ABOUT THIS EXERCISE:
Where the listing below reaches the line containing "Newfoundland dog Christmas", start writing out lines exactly, and stop once the line containing "Θήκη για Apple" has been written.

DATA RECORDS:
■ ■ ■

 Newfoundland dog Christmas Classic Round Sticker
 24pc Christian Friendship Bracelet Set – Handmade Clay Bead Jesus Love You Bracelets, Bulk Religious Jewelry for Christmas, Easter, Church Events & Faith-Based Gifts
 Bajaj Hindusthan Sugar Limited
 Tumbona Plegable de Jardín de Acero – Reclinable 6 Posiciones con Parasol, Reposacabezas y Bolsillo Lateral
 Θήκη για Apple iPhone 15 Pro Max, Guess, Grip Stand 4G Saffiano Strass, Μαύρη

■ ■ ■

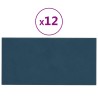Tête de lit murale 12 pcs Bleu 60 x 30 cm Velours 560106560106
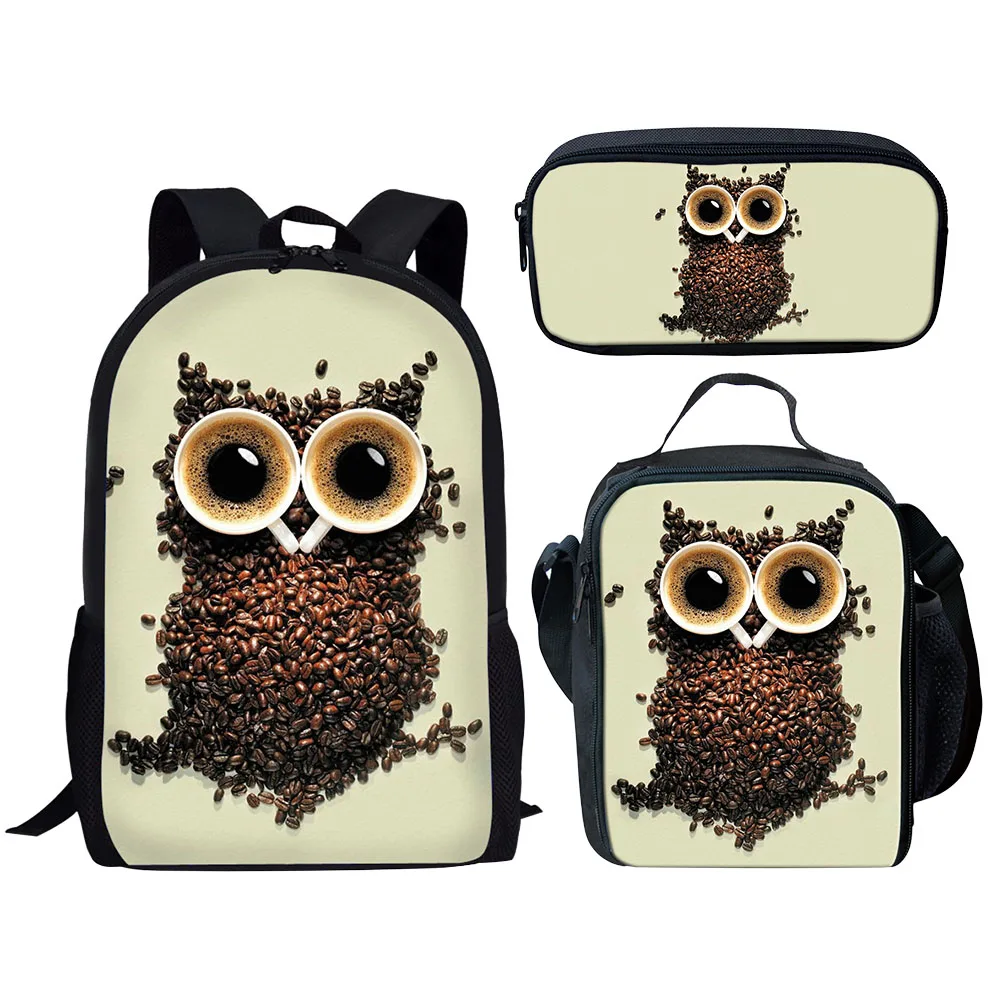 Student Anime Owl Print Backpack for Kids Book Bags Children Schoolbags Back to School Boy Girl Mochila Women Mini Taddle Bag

■ ■ ■

RESPONSE TO THIS TASK:
 Newfoundland dog Christmas Classic Round Sticker
 24pc Christian Friendship Bracelet Set – Handmade Clay Bead Jesus Love You Bracelets, Bulk Religious Jewelry for Christmas, Easter, Church Events & Faith-Based Gifts
 Bajaj Hindusthan Sugar Limited
 Tumbona Plegable de Jardín de Acero – Reclinable 6 Posiciones con Parasol, Reposacabezas y Bolsillo Lateral
 Θήκη για Apple iPhone 15 Pro Max, Guess, Grip Stand 4G Saffiano Strass, Μαύρη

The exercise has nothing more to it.